TASK GOAL
Every line from the one containing "Adrianus Franciscus Voesenek" to the one containing "Close up of Icelandic horse View" in the records below, both included, must be set down exactly, and no other line.

^^^^

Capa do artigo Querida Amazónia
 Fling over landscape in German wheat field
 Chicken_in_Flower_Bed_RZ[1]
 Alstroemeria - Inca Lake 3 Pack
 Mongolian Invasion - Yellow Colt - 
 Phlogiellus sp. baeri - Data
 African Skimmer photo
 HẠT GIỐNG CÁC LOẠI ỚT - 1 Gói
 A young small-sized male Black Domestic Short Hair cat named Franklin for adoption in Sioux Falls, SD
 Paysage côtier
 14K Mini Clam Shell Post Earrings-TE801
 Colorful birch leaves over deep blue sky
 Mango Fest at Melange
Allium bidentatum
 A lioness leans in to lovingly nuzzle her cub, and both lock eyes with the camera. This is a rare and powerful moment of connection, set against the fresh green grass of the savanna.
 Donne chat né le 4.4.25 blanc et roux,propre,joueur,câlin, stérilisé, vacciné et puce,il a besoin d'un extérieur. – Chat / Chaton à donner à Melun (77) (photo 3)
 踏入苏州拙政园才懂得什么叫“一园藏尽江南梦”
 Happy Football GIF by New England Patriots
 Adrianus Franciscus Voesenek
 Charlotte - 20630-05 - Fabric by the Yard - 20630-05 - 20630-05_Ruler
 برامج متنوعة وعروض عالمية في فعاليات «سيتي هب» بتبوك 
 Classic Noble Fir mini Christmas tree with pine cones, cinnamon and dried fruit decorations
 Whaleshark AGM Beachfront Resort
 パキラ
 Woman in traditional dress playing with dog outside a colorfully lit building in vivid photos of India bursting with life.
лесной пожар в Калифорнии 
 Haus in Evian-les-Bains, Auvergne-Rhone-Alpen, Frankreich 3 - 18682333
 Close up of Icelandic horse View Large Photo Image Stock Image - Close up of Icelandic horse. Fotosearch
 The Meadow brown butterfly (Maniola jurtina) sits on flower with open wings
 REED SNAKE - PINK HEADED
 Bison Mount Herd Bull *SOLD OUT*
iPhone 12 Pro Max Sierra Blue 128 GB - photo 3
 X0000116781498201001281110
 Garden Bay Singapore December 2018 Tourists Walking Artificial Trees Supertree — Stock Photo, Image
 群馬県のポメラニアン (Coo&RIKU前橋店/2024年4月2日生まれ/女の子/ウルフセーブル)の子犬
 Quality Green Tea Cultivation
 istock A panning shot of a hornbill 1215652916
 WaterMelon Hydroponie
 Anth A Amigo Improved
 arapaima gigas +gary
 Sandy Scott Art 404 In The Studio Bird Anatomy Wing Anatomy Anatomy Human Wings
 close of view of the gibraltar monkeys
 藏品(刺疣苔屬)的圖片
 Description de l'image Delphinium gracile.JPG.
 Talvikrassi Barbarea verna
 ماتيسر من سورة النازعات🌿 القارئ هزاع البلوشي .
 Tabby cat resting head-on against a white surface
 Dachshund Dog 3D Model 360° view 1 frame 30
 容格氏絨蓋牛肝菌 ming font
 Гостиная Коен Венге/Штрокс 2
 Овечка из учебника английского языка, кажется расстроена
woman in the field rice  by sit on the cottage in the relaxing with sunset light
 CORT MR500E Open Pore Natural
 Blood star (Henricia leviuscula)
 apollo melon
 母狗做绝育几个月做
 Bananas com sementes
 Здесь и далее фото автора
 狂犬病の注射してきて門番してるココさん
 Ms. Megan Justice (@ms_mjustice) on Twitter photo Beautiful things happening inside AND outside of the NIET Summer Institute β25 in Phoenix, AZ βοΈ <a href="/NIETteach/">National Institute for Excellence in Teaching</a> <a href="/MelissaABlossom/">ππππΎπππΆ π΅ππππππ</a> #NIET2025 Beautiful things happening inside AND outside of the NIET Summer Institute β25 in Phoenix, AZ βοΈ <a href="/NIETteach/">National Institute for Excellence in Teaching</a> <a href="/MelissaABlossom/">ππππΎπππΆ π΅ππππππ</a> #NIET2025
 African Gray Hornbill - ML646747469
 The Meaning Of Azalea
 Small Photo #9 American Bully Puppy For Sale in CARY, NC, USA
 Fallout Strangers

^^^^

ANSWER TO THIS TASK
 Adrianus Franciscus Voesenek
 Charlotte - 20630-05 - Fabric by the Yard - 20630-05 - 20630-05_Ruler
 برامج متنوعة وعروض عالمية في فعاليات «سيتي هب» بتبوك 
 Classic Noble Fir mini Christmas tree with pine cones, cinnamon and dried fruit decorations
 Whaleshark AGM Beachfront Resort
 パキラ
 Woman in traditional dress playing with dog outside a colorfully lit building in vivid photos of India bursting with life.
лесной пожар в Калифорнии 
 Haus in Evian-les-Bains, Auvergne-Rhone-Alpen, Frankreich 3 - 18682333
 Close up of Icelandic horse View Large Photo Image Stock Image - Close up of Icelandic horse. Fotosearch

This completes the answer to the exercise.